Pizza Hut gets new tech to process online orders
Restaurant moves operations to Virtustream's datacentre as online sales soar
Pizza Hut has enlisted the services of datacentre provider Virtustream to help it handle the one million online orders it receives every week.
The restaurant chain launched an online ordering service four years ago, but it has recently picked up pace, forcing Pizza Hut to move from its previous datacentre, which the company said was no longer adequate for the expected uptick in web site traffic.
"Our previous datacentre was fine for our initial needs, but as we expanded and offered more services to our customers we outgrew it," explained Fawad Shah, network and infrastructure manager at Pizza Hut's parent company, Yum Brands.
"We were not able to receive the high operational availability, fast change management turnaround which our business demanded and most importantly the high level of operational and security compliance that a global brand such as ours would demand and expect from our hosting partner."

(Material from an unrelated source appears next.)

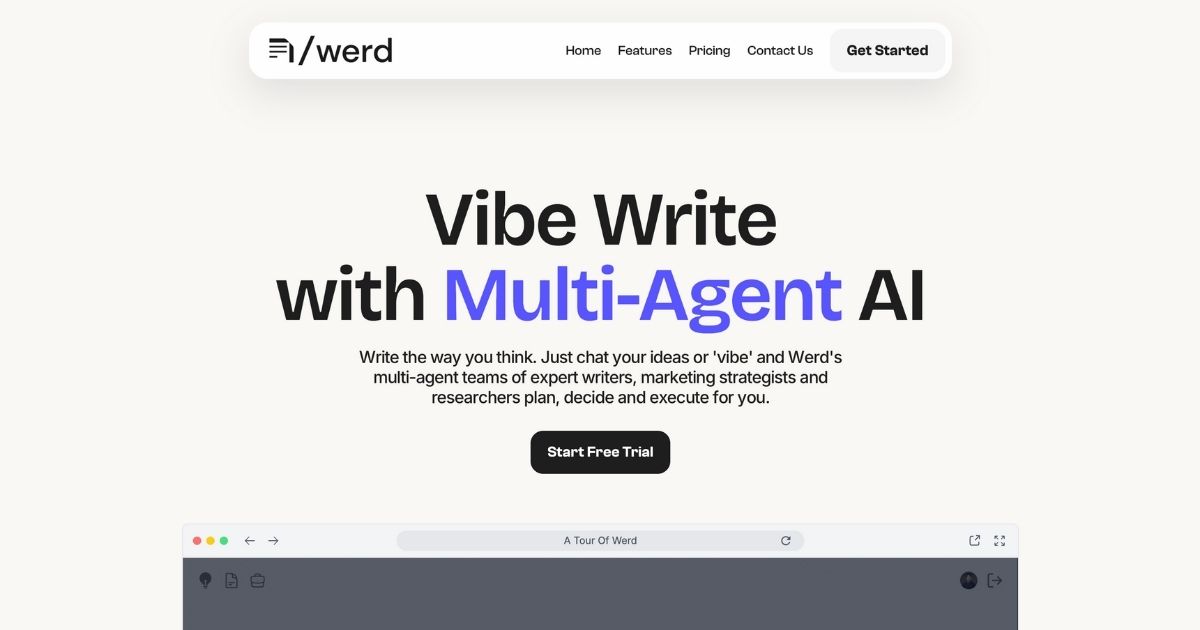 Werd.ai: AI-Powered Content Creation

He added that other factors were that Pizza Hut was looking to work with a partner who understood its business and had a high-density power capability to accommodate its footprint requirements.
"We also needed a partner that was flexible and easy to work with. If we needed to make a sudden change to our services, our partner would need to action this within hours rather than days or weeks," said Shah.

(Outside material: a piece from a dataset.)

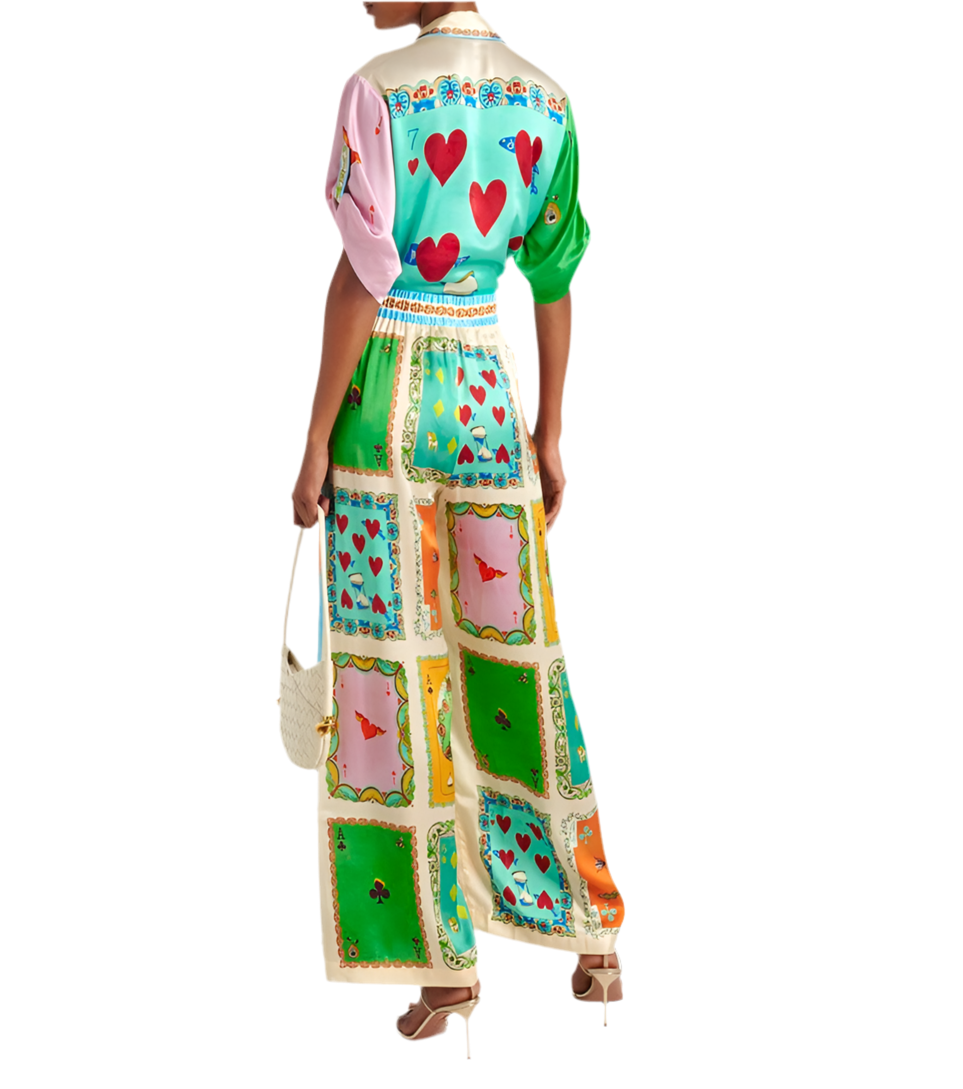 Unique Cards Pant Outfit Set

The firm selected Virtustream as a partner as its datacentre is purpose designed and built meeting high levels of tiered operational capability.
Pizza Hut's infrastructure and managed services partner, SysMicro, helped the firm relocate Hut's legacy infrastructure to the Virtustream datacentre and onto new platforms, which included virtualisation, blade servers and an MPLS network that connects every Pizza Hut outlet and restaurant back to core systems.